The Social Network si è aggiudicato anche la statuetta per il miglior montaggio e la miglior sceneggiatura non originale.

06 gennaio 2011

Ladies & Gentlemen : The Rolling Stones. Il Nuovo Album



















"Charlie Watts sta seduto come un rospo alla sua batteria, Mick Taylor e Bill Wyman suonano in piedi; Keith Richards ciondola qua e là come uno zombie e Jagger è un uccello, un galletto, un cacatua, una ghiandaia." Su un libro di ricordi rock ho trovato questa esemplare fotografia d'inizio '70, quando gli Stones erano imperatori degli Stati Uniti e riempivano gli stadi con il loro vizioso circo di rock&roll.

Rollin Binzer li catturò in scena nel corso del tour 1972, quello di Exile On Main Street, per un film che non sfruttò il momento magico e quando uscì nei cinema, 1974, ebbe vita stentata - in Italia non credo sia nemmeno mai arrivato. Ora finalmente è stato recuperato, restaurato, arricchito di bonus ed eccolo in DVD; mi verrebbe da dire "nello splendore" (di chissà cosa) ma non lo dico perchè le immagini sono tutt'altro che splendide e glamourous, piuttosto buie invece - gli Stones abitano una penombra carica di minaccia da cui emergono con gli spilli & artigli della loro musica più matura. Non so se fu una scelta o un deficit di mezzi, certo che quel buio è intonato alle canzoni; che non sono più gli inni beat della prima tempesta ormonale ma i tormenti, gli sfoghi, le insolenze da Beggar's Banquet in avanti, da Jumpin' Jack Flash a Love In Vain, da Street Fighting Man a Gimme Shelter.

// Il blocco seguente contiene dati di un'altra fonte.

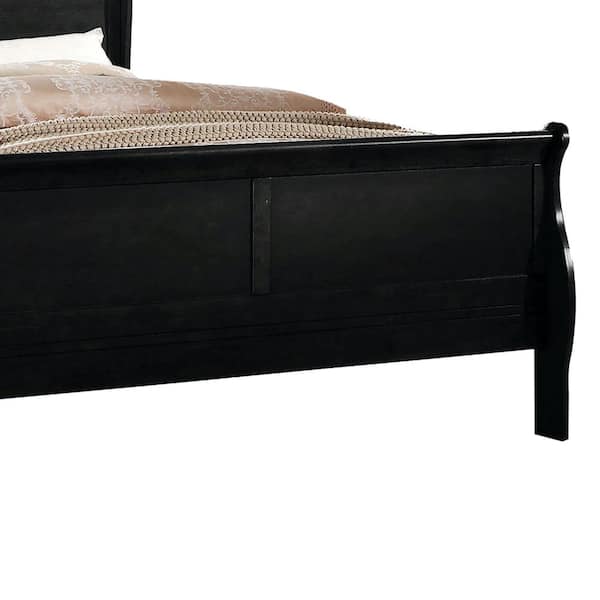 Benjara Modern Style Black Elegant, Black Upholstered Sleigh Bed Queen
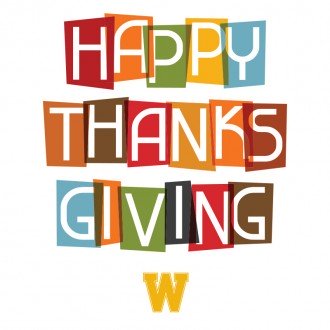 Photo of an graphic with the words Happy Thnanksgiving and a gold W.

Chi si è goduto la ristampa extended di Exile qui troverà la conferma dal vivo, con l'energia straordinaria di tutti e la stretta al cuore che dà Mick Taylor ancora arcangioletto e ancora ispirato, con la sua chitarra blues che forse per l'ultima volta trova il doveroso spazio. La scena comunque la ruba Jagger, e figuriamoci!, il cacatua che cambia piumaggio tutte le volte che gli gira e, tra bolerini di raso e giacche di lamè, sciarpe, lustrini e occhi bistrati impartisce una convincente lezione di teatro rock riuscendo a riempire sia gli occhi sia le orecchie.